New year’s resolution: rethink your 2022 influencer plan  

Mabel Perry, Customer Success Manager at Activate by impact.com, looks at the changing face of influencer marketing, and how brands can harness its potential in 2022.

The inexorable rise of the influencer is producing some stunning numbers. In 2020 the industry was worth $9.7bn (£7.3bn), yet is projected to reach $15bn by next year. According to eMarketer, in 2020, 50m people identified as influencers, and that is projected to explode to 1bn by 2026. Today, we’re going to look at the causes behind this expansion, and introduce a few trends that might help you rethink your influencer programme for the next 12 months.

In a multi-device, always-on world, influencers have proven to be efficient and effective in delivering curated, trustworthy and emotionally engaging content directly to relevant audiences. As a result, the lines between traditional advertising and influencer marketing are becoming increasingly blurred, with advertisers abandoning their traditional media choices in order to focus on the channel most likely to engage their target audience.

In the same way that the lines between traditional and influencer marketing are converging, so has the difference between conventional celebrity and contemporary influencer, and were heading towards a state where both of these groups are unified under the umbrella term ‘creators’. These creators, regardless of industry, use their status to communicate authentic and trusted messages to consumers. Many companies are using influencers to shape their environmental and social policies, partnering with creators to produce authentic campaigns that speak to consumers while simultaneously doing good in the world. 

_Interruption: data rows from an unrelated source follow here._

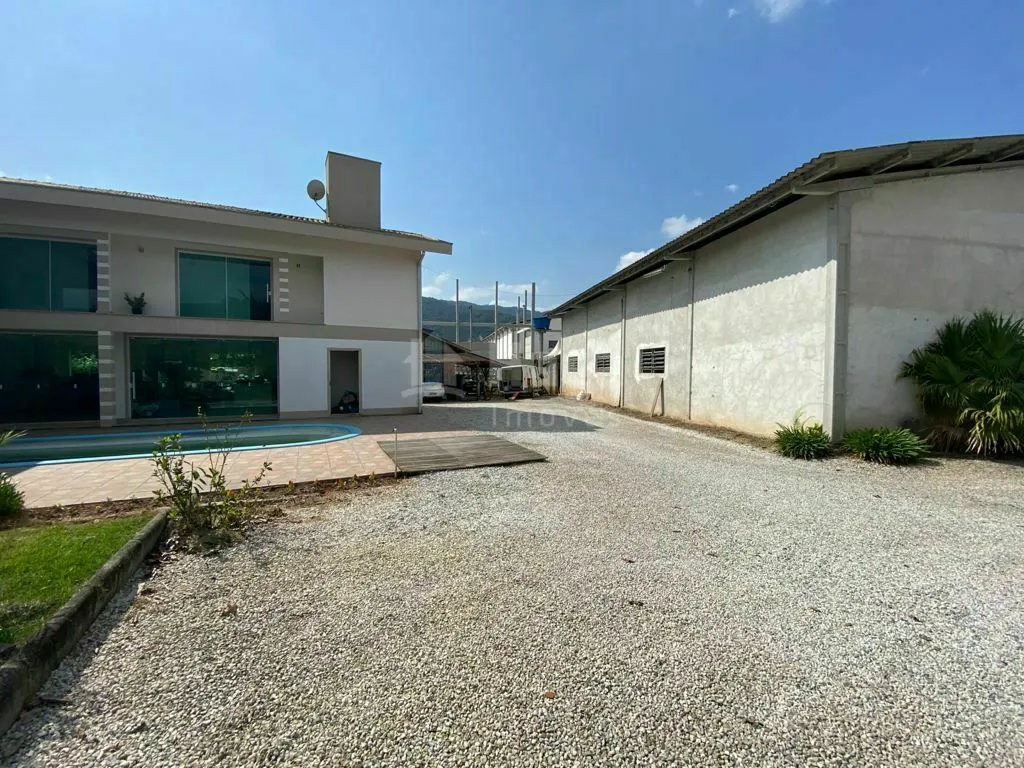 Comercial à venda de 7.000 m² em Guabiruba, SC, Brasil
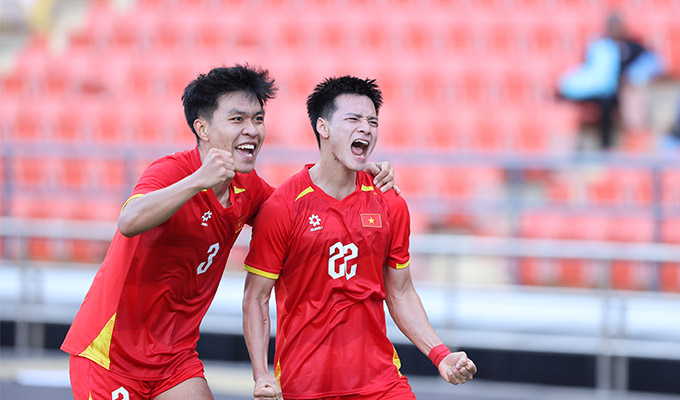 U22 Việt Nam đang nhận được sự hậu thuẫn rất lớn từ truyền thông, NHM trước trận chung kết SEA Games 33 - Ảnh: Đức Cường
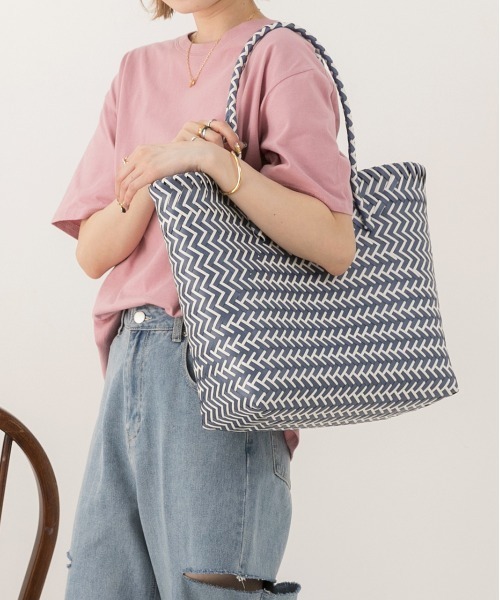 ad thie(アドティエ)の「2サイズ・マルチカラー パサールバッグ(トートバッグ・レディース・サックスブルー系/ブラック×ホワイト/イエロー系1/ブルー系/ブラック系/イエロー系2/ネイビー系/グレー系・MEDIUM/LARGE)」の9枚目の写真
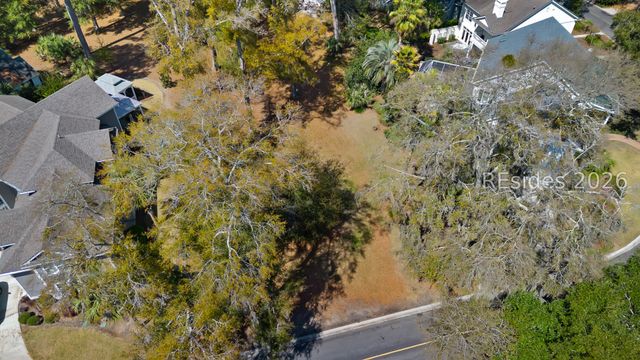 44 Sparwheel Ln, Hilton Head Island, SC 29926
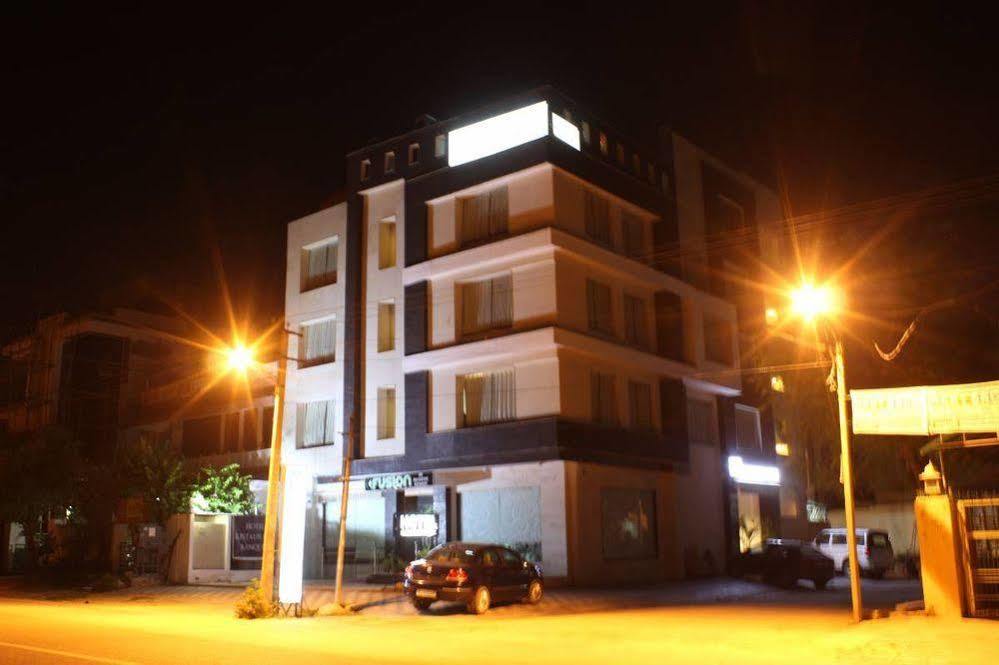 Fabhotel Radiant Star Lalkothi Jaipur Exterior photo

With the rise of social commerce features, influencers are also becoming an integral part of converting awareness into sales. Thanks to advances in technology, influencer marketing is now eminently trackable. Gone are the days when marketers would judge an influencer campaign’s success solely on metrics such as likes and comments. Using a platform such as ACTIVATE by impact.com, you can not only find the perfect influencer(s) for your program and see traditional brand awareness metrics, but also track deep, detailed ROI metrics such as revenue and total conversions. This allows brands to create flexible compensation models and reward Influencers more effectively based on their performance. The results speak for themselves: influencer marketing can generate 11 times the ROI of traditional marketing.  

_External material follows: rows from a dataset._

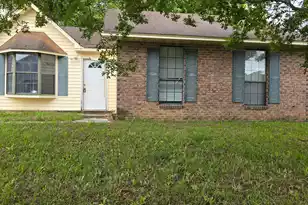 1104 Douglas Wayne Rd, Summerville, SC 29486 - Photo 1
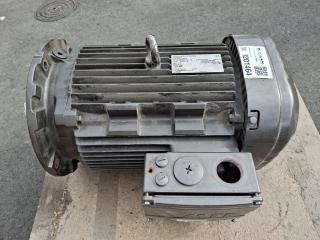 SEW-Eurodrive R97 DRE160MC4 Motor Gearbox Unit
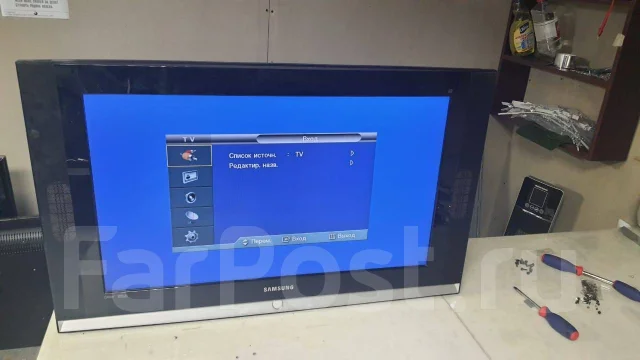 Samsung LE32R71B. LCD (��) ����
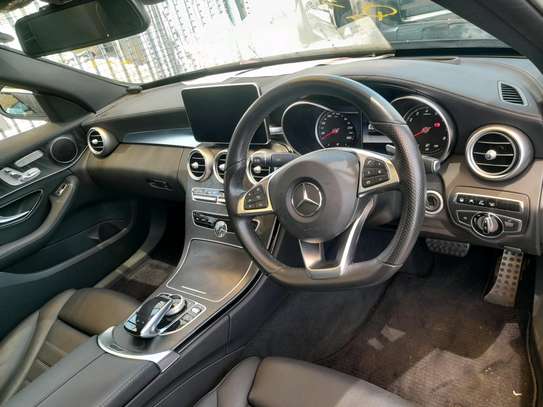 Mercedes Benz C200 1800cc black 2016 image 3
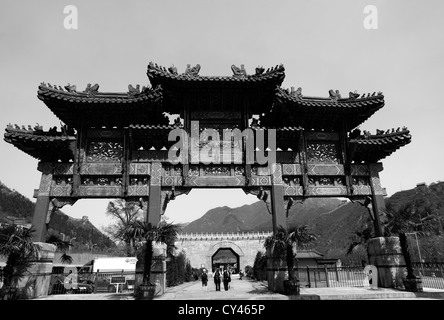 Touristischen Wanderer auf den Juyongguan pass Abschnitt der chinesischen Mauer, Changping Provence, China, Asien. Stockfoto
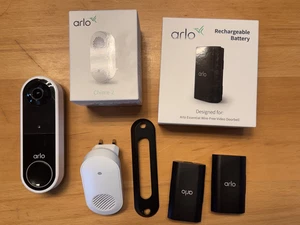 ARLO Video-Türklingel (Akku) + Ersatzakku + Chime 2 – sehr guter Zustand - Bild 1 von 3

Just because influencer marketing is a rising tide, however, doesn’t mean it is necessarily easy to do well. Ensuring your influencer relationships are in a good place as we move into 2022 is critical. This is a fast-moving industry, so let’s take a look at three trends that will help you rethink your influencer marketing plan for next year… 

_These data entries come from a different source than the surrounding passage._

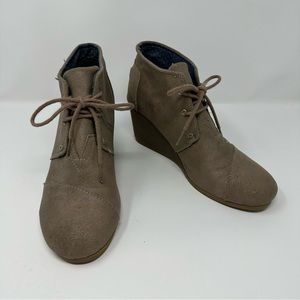 Toms Desert Wedge Booties Tan Size 11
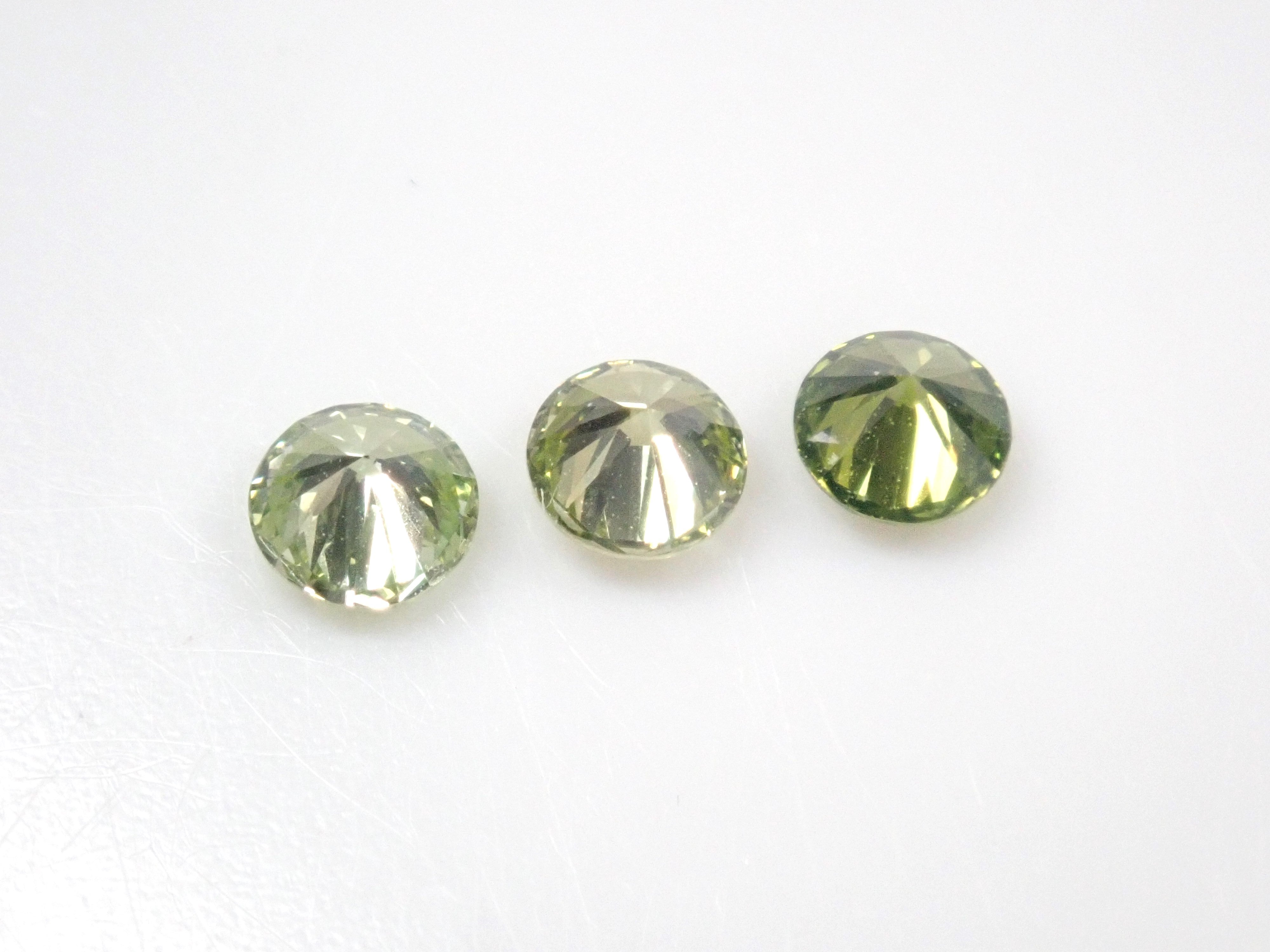 Limited to 3 stones: 1 peridot green diamond loose stone (treated, 3mm, VS class, Chuho sorting) Multiple purchase discounts available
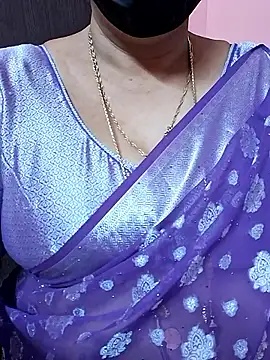 ananya956 online show from January 2026 02:09:02 PM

Social and environmental focus
We’ve already touched on this, but a company’s environmental and social credentials will be increasingly important in the future, especially among Millennials and Generation Z, with 62 per cent of consumers in these groups preferring to buy from sustainable brands. Responsible digital advertising comes in many forms, and includes running promotions to highlight social and cultural issues, or getting involved in Corporate Social Responsibility marketing, combining your charity work and a campaign. Whatever the case, choosing the right influencer to collaborate with is vital and authenticity is critical, so only align with those that truly share your values.

Go long
Developing mature partnerships with the right influencers will reap rewards, and long-term relationships can generate as much as 28 per cent of a company’s total revenue. Compare this to just 18 per cent achieved by paid search, and you can see the attraction. Brands have moved on from one-shot campaigns, and the many benefits of developing long-term partnerships are clear: you will receive a regular flow of assets you can repurpose across your other marketing channels; conversion rates are boosted by this regular flow of content; and a long-term approach gives you the opportunity to take time in finding a winning roster of influencers that are best aligned with your brand. Influencer marketing platforms also allow you to pay your partners depending on the value they bring, rather than the quantity of content they produce. 

Shop around
At present the major players in the ecommerce influencer scene have been Facebook and Instagram, but that’s changing. Other influencer channels such as Pinterest are beginning to introduce ecommerce elements, which in turn is broadening the pool of potential creators for your brand. It is early days in terms of discovering how willing consumers are to spend their money outside of more traditional shopping experiences, but a diversified influencer programme is a good thing, so keep an eye on potential ecommerce channels as they open up. Clearly influencer marketing is a critical part of any broader campaign, and brands such as cosmetics giant Estée Lauder have gone as far as allocating 75 per cent of marketing budget to influencer programmes. Ensuring yours is integrated into any campaign will help maximise your message and brand goals, putting your marketing plan in a great place for 2022. 

Choose the way you pay
The way brands pay influencers has come a long way in the past 15 years. For example, an upfront fixed fee combined with a bonus based on performance has become an increasingly popular method of compensating influencers for their work. Things are continuing to change,  and as we head into 2022, brands are turning to a hybrid payment approach when engaging influencers for the long-term. For example, an upfront fixed fee might be complemented by performance or commission-based payments, and this helps a brand develop their influencers into long-term, fully-aligned ambassadors for the brand. There are an increasing number of ways to pay influencers, and in addition to pay-per-post, these include gifting or rewards, store credit or a content licensing fee.